La locanda delle maschere perdute – la riforma goldoniana

Incontro con Goldoni

La locanda delle maschere perdute. Presentazione dello spettacolo teatrale

“La Locandiera”, adattamento da Carlo Goldoni e regia di Eduardo Cocciardo.

Martedì 18 giugno, ore 20:30, al Torrione di Forio.

Le maschere, i costumi, i gesti che il teatro ci offre sono uno specchio genuino delle relazioni umane, nella vita quotidiana, tanto da renderlo “casa” per ogni individuo che vi si accosti. Dal riso al pianto, sul palcoscenico sfilano le esperienze che ogni uomo vive in concreto; esperienze che creano un legame simpatico ed empatico, tra il di qua e il di là del sipario, con un confine che man mano si annulla, rendendo spettatori gli attori e attori gli spettatori. Il climax giunge con l’applauso, apparentemente rivolto agli attori ma in pratica celebrativo di tutti i presenti così da porli in comunione gli uni con gli altri.

Diceva il grande Eduardo:” Lo sforzo che compie l’uomo di dare alla vita un qualsiasi significato è teatro”, e poi aggiungeva: “Teatro significa vivere sul serio quello che gli altri nella vita recitano male”. Senza dubbio il teatro è vita perché parte dalle nostre vite: dalla vita di chi lo agisce e di chi lo fruisce. È una magia senza tempo, che ferma il tempo e lo dilata anche quando sembra restringerlo. Lo riassume e lo reinventa, rendendolo irripetibile come in una bolla iridata. Interpreti e spettatori vivono un percorso iniziatico, attraverso cui non saranno più gli stessi alla fine della rappresentazione, ma in un crescendo rossiniano diventeranno più liberi e liberati. Il teatro è una surreale finestra sull’infinito della verità: si serve della finzione, ma non ammette la falsità. Si parte da un testo e grazie all’interazione attore – pubblico inizia un gioco (to play in inglese è giocare e recitare) di rimandi in cui ogni inventio porta scritto: “più in là”. Questa arte nasce nella notte dei tempi ed è stata il tramite per accostarsi al divino. È capace di suggellare le unioni più ardite tra le varie discipline e i diversi stili. Non rifiuta le più moderne commistioni e soluzioni tecniche ed oggi più che mai resta il banco di prova galileiano per testimoniare e testare il mondo e l’uomo. Ci precede e ci accompagna nel tempo come urgenza e sogno e sarà un porto sicuro tutte le volte che l’uomo smarrisce o tradisce la sua umanità. Continuerà infatti a suscitare le domande fondamentali che lo riguardano.
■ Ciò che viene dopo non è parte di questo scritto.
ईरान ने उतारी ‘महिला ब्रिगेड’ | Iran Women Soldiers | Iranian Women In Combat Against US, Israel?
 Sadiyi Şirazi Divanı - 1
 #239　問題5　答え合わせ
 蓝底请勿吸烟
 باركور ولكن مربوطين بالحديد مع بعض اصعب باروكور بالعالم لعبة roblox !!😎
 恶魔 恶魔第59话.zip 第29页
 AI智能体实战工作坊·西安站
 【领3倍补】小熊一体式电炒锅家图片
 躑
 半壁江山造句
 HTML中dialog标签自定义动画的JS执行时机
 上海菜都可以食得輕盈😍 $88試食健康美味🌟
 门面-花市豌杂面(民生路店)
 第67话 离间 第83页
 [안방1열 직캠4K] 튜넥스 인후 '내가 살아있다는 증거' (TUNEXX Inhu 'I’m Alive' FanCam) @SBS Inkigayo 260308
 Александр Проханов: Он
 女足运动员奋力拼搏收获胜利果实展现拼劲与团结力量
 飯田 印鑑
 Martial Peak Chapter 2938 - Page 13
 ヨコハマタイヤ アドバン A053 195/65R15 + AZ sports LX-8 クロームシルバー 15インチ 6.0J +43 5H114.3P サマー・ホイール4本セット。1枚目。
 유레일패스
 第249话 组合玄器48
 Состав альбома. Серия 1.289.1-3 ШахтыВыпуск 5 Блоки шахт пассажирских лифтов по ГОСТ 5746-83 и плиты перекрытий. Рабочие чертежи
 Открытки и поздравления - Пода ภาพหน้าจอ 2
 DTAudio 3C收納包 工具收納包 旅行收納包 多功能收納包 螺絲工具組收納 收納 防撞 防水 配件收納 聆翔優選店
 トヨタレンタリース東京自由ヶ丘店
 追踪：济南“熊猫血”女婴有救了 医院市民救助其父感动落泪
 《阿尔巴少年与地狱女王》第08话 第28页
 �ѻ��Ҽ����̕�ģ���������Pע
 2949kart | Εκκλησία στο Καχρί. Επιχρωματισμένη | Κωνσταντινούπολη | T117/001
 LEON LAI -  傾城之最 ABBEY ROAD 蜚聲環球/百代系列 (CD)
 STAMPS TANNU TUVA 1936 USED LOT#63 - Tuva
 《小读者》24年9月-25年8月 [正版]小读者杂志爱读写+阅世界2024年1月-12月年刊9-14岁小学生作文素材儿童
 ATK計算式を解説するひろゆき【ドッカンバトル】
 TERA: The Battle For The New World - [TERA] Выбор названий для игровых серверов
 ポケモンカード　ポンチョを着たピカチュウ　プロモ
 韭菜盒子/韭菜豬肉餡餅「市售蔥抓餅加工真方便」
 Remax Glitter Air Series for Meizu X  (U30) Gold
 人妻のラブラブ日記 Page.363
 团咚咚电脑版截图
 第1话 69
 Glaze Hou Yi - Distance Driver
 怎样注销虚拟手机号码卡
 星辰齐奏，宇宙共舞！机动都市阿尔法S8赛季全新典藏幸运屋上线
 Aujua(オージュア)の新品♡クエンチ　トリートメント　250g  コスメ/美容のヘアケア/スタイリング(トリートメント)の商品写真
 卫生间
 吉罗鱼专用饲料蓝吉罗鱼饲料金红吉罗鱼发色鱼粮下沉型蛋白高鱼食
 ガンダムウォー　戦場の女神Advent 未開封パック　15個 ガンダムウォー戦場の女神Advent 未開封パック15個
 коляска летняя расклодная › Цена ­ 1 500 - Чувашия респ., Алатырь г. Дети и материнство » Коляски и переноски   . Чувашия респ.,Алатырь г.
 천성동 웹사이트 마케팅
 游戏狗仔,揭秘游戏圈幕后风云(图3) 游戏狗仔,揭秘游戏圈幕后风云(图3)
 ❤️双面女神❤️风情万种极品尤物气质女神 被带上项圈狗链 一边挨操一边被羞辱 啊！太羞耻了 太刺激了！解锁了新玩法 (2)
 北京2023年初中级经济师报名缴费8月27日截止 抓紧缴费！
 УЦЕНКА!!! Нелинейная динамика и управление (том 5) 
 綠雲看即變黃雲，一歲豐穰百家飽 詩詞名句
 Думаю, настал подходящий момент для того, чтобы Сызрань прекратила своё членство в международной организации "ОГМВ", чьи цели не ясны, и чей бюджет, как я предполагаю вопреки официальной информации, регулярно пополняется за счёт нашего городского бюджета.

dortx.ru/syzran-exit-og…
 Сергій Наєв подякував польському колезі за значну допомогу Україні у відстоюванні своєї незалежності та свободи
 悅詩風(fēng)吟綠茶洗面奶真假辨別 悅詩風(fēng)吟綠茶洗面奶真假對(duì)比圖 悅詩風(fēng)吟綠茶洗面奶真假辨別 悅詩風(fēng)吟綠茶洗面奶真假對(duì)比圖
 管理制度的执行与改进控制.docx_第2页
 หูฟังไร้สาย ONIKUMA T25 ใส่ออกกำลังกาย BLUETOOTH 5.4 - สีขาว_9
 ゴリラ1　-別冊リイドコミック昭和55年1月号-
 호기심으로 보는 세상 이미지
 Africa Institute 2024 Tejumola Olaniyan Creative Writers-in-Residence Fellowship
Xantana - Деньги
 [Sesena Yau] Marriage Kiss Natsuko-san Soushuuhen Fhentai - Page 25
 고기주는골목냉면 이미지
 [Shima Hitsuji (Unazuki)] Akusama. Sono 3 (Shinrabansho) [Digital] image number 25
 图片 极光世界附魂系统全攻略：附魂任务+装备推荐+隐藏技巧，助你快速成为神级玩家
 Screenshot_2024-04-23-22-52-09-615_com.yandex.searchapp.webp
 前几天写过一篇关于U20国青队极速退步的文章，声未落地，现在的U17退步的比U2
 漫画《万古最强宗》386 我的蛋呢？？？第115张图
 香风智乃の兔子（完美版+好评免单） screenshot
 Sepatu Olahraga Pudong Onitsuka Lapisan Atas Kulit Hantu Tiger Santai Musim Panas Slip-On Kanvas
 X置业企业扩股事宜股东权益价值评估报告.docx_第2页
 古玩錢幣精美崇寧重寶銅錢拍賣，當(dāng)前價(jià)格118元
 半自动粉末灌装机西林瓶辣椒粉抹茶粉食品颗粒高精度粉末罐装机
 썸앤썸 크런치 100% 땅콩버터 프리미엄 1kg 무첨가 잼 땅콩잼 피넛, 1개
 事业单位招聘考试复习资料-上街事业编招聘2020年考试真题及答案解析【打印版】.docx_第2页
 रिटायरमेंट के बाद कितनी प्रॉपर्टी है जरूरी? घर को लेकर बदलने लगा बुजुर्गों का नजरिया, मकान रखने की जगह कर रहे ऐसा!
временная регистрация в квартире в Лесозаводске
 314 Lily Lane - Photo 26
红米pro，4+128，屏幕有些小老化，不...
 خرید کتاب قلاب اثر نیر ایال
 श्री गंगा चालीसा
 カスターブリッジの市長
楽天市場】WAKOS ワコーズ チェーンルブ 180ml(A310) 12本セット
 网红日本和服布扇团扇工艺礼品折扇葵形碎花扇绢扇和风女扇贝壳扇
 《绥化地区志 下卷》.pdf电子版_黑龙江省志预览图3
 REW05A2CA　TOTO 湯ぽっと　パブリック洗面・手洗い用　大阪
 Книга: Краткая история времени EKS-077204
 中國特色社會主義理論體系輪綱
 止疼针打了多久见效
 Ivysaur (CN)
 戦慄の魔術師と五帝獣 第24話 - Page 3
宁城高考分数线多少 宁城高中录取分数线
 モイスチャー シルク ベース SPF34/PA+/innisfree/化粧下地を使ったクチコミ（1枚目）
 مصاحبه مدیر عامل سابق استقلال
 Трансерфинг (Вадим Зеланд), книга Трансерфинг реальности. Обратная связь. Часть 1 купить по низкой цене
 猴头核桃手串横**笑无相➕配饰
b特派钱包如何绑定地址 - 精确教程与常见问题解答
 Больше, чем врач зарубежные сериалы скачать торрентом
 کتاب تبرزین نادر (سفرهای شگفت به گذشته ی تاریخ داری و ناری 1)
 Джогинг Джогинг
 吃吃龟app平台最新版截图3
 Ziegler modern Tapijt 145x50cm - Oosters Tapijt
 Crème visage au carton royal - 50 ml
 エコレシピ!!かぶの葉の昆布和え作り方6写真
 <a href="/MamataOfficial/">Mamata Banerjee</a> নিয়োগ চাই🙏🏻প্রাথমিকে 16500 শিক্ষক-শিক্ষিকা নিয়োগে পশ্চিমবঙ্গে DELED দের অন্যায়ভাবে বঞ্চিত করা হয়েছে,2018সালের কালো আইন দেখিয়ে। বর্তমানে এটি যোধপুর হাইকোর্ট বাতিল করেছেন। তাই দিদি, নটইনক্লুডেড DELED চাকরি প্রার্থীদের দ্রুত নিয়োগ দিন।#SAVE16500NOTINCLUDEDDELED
Il seminario-dibattito proposto dal regista e scrittore Eduardo Cocciardo offre una interessante occasione di riflessione sia su Carlo Goldoni padre del teatro moderno, e sulla sua Riforma, sia sulla resistenza del teatro ad ogni crisi, per la sua unicità e capacità millenaria di reagire alle circostanze avverse.

L’Associazione Culturale Radici, affidataria del Museo Civico del Torrione “Giovanni Maltese”, e l’Amministrazione comunale di Forio hanno sposato questa iniziativa, accogliendola presso la Sala Mostre del Torrione ove i gentili ospiti e tutti i residenti isolani possono partecipare alla presentazione dello spettacolo teatrale “La Locandiera”, adattamento da Carlo Goldoni e regia di Eduardo Cocciardo, con gli allievi di Recitazione della Teresa Coppa Academy (Gaia Bagliani, Massimo Di Costanzo, Anna Monti, Roberta Rainone, Mattia Sirabella e con la partecipazione di Claudio Iacono). La rappresentazione scenica avverrà poi giovedì 20 giugno 2019 alle ore 21 presso il Palazzo Capuano, in piazza Matteotti 5, Forio, con ingresso libero.

L’evento del Torrione sarà l’occasione per presentare la relazione-studio di Eduardo Cocciardo dal titolo “La locanda delle maschere perdute – la Riforma goldoniana”, una riflessione sulle straordinarie innovazioni apportate dalla scrittura goldoniana alla storia del teatro e sulla nascita del teatro moderno. La serata darà vita ad un dibattito sulla crisi della cultura e del teatro odierni e sulle possibili prospettive future. Interverranno il regista Salvatore Ronga, il giornalista Pasquale Raicaldo, l’attore Alessandro Palatucci, la cantante Sara Pantalone.

 

Ecco una breve biografia di Eduardo Cocciardo.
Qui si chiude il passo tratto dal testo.